Exercise requirements> In the data below, begin at the line with "New 2026 Land" and stop after the line with "Блюдо с кавказскими закусками"; output those lines exactly and no pictures.

Records>
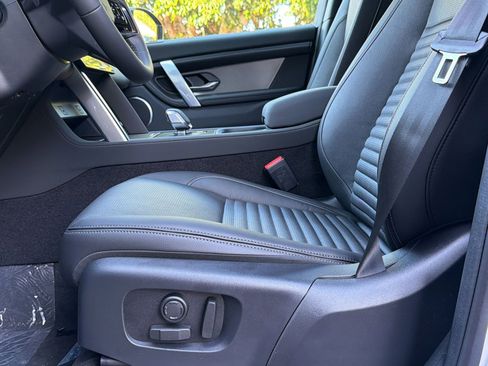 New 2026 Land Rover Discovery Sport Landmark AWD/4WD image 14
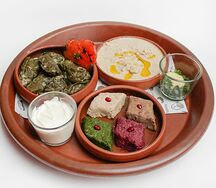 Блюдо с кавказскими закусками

==

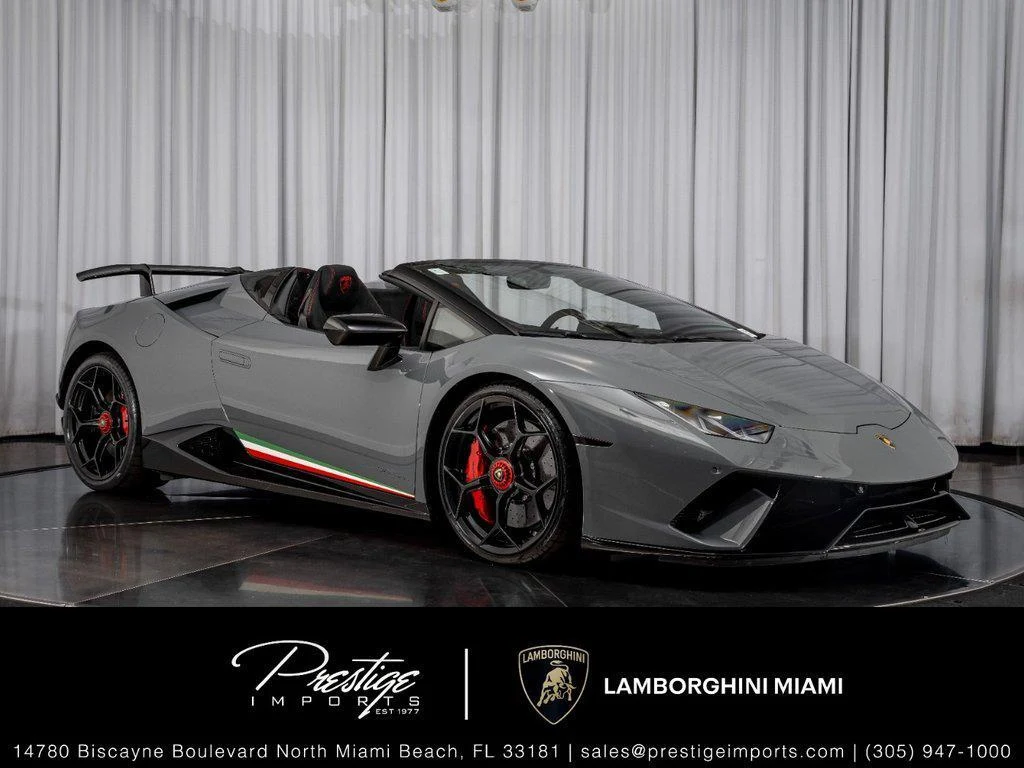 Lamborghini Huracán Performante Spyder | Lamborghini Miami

Solution>
 New 2026 Land Rover Discovery Sport Landmark AWD/4WD image 14
 Блюдо с кавказскими закусками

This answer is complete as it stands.